After reading a short story by Nancy Hale in a 1930s volume of Best Stories from The New Yorker, I went on a Hale bender. It was 2010, and her work was out-of-print. I loved The Prodigal Women, a complex novel about friendships gone awry which I once described as “my favorite pop wallow.”
Although I prefer Hale’s novels to her short stories, I am thrilled that Library of America recently published Where the Light Falls, a selection of Hale’s short stories edited by Lauren Groff.
And it reminded me that in 2016 I reviewed Hale’s 1960 collection of short stories, The Pattern of Perfection, at Mirabile Dictu. And so I’m re-posting it here.
Nancy Hale’s work is out-of-print, but she is a great American writer.
Some of her books are masterpieces. A descendant of Harriet Beecher Stowe, she was a journalist, novelist, and memoirist. Eighty of her stories were published in The New Yorker. I am a fan of her comical novel, Dear Beast, the story of a Southern woman who writes an anonymous novel about her small town, and her stunning memoirs, A New England Girlhood and A Life in the Studio.
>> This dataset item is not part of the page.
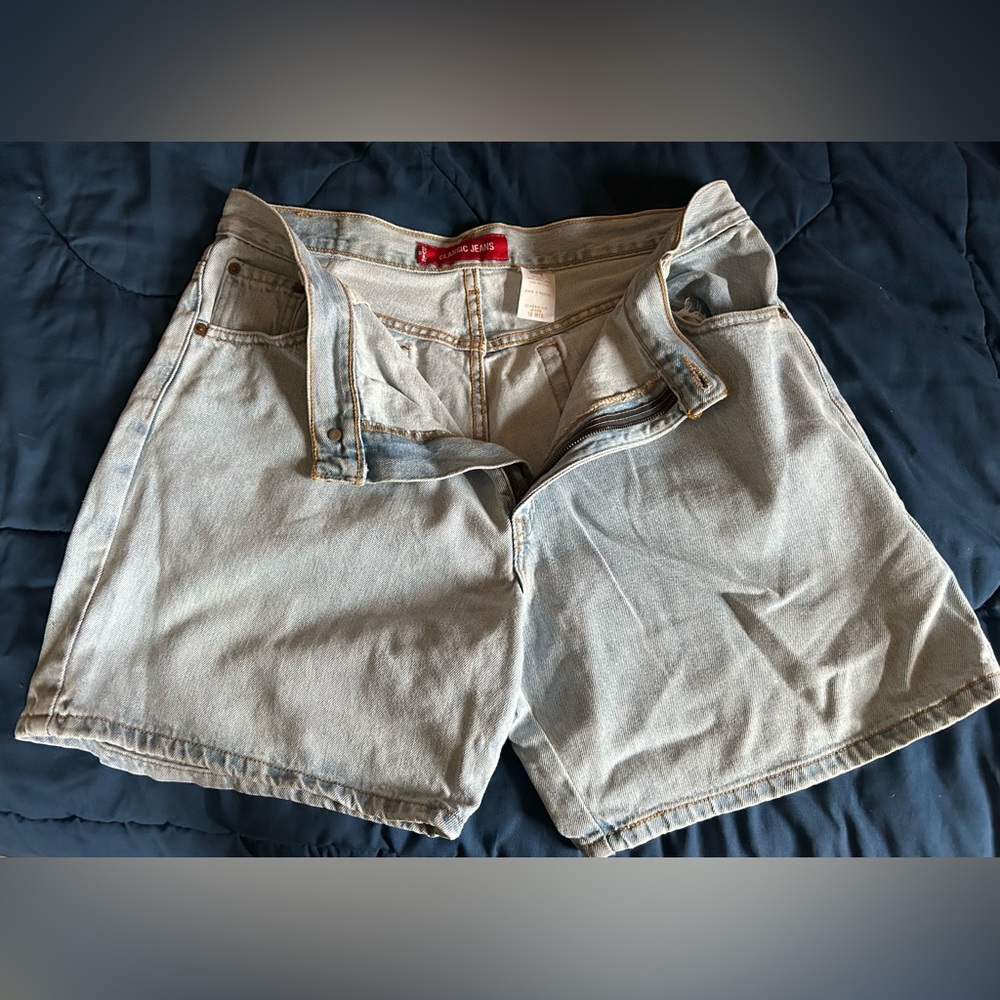 Vintage Levi's classic denim shorts in a light wash.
I recently read The Pattern of Perfection, a collection of 13 stories. I have 10 sticky notes marking the pages of my copy, not for criticism but because the passages are delightful.
In my favorite story, “The King of Fancy’s Daughter,” the heroine, Isabel Congdon, takes out the trash and catches her husband in the driveway embracing the “bosomy, perfumed Mrs. Clarity, the baby sitter.” She puts the two children in the car and drives hundreds of miles to her parents’ house. On the way, she keeps going over and over her conversation with her husband. When she said, “I suppose you’ve been having affairs with everyone in the neighborhood while I’ve been totally unaware of anything,” he denid it. But he asks coldly if they always have to talk baby talk. She is shattered, because she had felt their little family was united against the world.
Her well-bred parents behave as though there’s nothing unusual about Isabel’s visit. They talk about their collections of antiques and books. Mr. Hooper has begun collecting science fiction.
“Space travel,” Mr. Hooper repeated, laying down his knife with a gratified air. “Those chaps are doing extraordinary things. Bradbury. Asimov. Leinster. I’ve made rather a study of science fiction in recent months. I fancy I own everything in the field worth reading–a very sound investment in firsts,” he added modestly.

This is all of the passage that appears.